Last but not least, In the past, some countries have developed nuclear weapons in secret. In future, as a result of the international norms against nuclear proliferation, more states may opt to be opaque when they develop nuclear weapons. Opacity gives rise to lack of publicl awareness and absence of international pressures and supervision, and in this way drive states to become less cautious about security issues. (Feaver, Sagan and Karl, 1997, p.191)
Waltz was right in emphasizing the fact that there was no accident during the cold war despite enormous concern from pessimist school. Optimists are also right in mentioning that unassembled and undeployed nuclear warheads provides security for nuclear states. However, on the threshold of war, it is most likely that states will incline to make their nuclear arsenals ready to be used. By considering that Pakistan did not even have advanced electronic locks on nuclear arsenal, and their nuclear weapons have been alerted against possible attack since 1999 Kargil crisis, it can be asserted that there would have been no surprise if there had been a nuclear war between Pakistan and India emerging from accidental use. In similar cases, nuclear states can face enormous dangers regarding accidental use because of unsafe operating procedures and technological insufficiencies.
Arms Race
With regards to arms race between nuclear states, Waltz defends that if states have second strike nuclear capability, they are likely to reduce their conventional military expenditure levels, and they consider nuclear arms racing as unnecessary because of their deterrence capacity: (Waltz, 1990)
”Conventional arms races will wither if countries shift emphasis from conventional defence to nuclear deterrence.
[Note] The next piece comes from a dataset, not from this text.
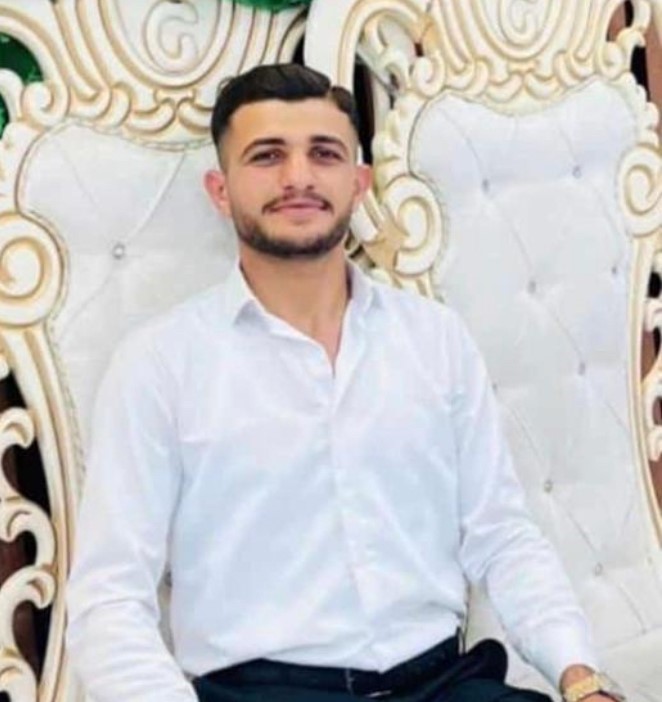 kurtalan-da-arabalarin-carpmasi-sonucu-hayatini-kaybeden-2-kuzen-gozyaslariyla-defnedildi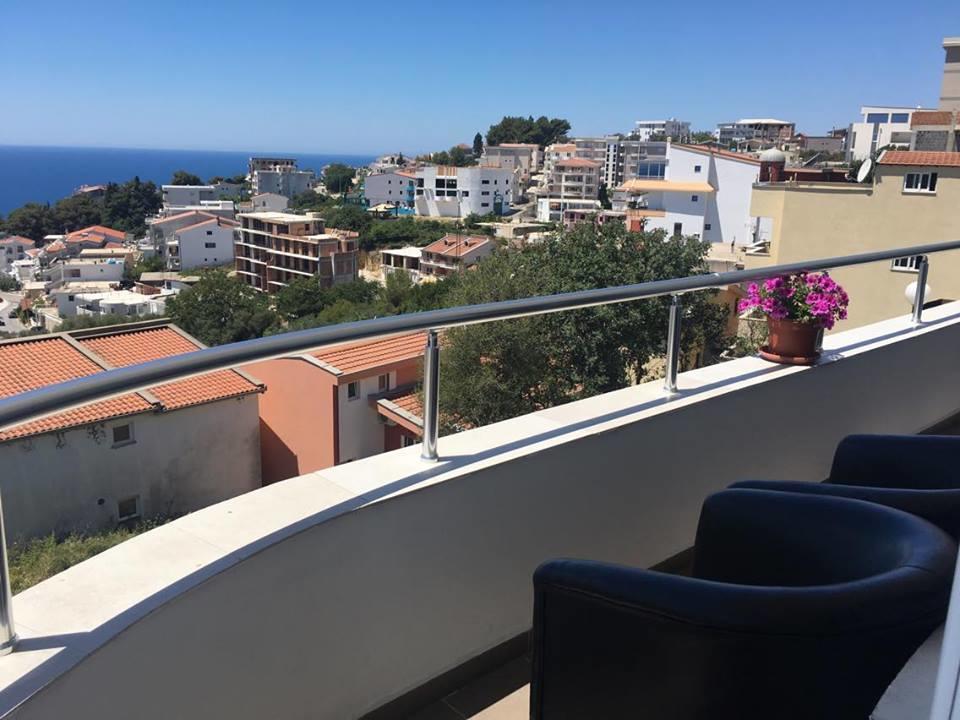 Apartmani Dini Ulcinj Luaran gambar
For Pakistan, for example, acquiring nuclear weapons is an alternative to running a ruinous conventional race with India. And deterrent strategies make nuclear arms races pointless.” (Waltz, 1981, p.26)
On the other hand, in the light of evidence provided by Stockholm International Peace Research Institute, it is obvious for India and Pakistan, military expenditures have increased remarkable since the end of the Cold War. Moreover, India’s military spending had risen by 45 per cent between 2008 and 2017. India was the fifth largest military spender in the world in 2017. (Fleurant, Wezeman, 2018) India and Pakistan have also incentive to expand their nuclear material production capabilities. (Kile, Kristensen, 2017) It seems that Karl was wrong to claim that scarcity of resources would limit to arms racing in South Asia. (Feaver, Sagan and Karl, 1997, p.189) Statistics prove that there has not been a correlation between obtaining nuclear weapons and reducing military expenditure. As long as the states fell insecure in the face of threats created by their foes, they need to have the ability to retaliate proportionally in both conventional and nuclear ways.
Optimistic approach regarding arms race seems inadequate not only because nuclear states continue to allocate a huge amount of money to conventional arms industry but also because decisions emerging from domestic politics are one of the main causes of unnecessary military expenditure. Sagan, who is one of the main critics of Waltz’s theory, claim that in addition to perceived foreign threat, bureaucratic organizations and actors may play an important role in deciding defense spending by supporting politicians who share their thoughts and manipulating public opinion. (Sagan, 1996-1997, p.64)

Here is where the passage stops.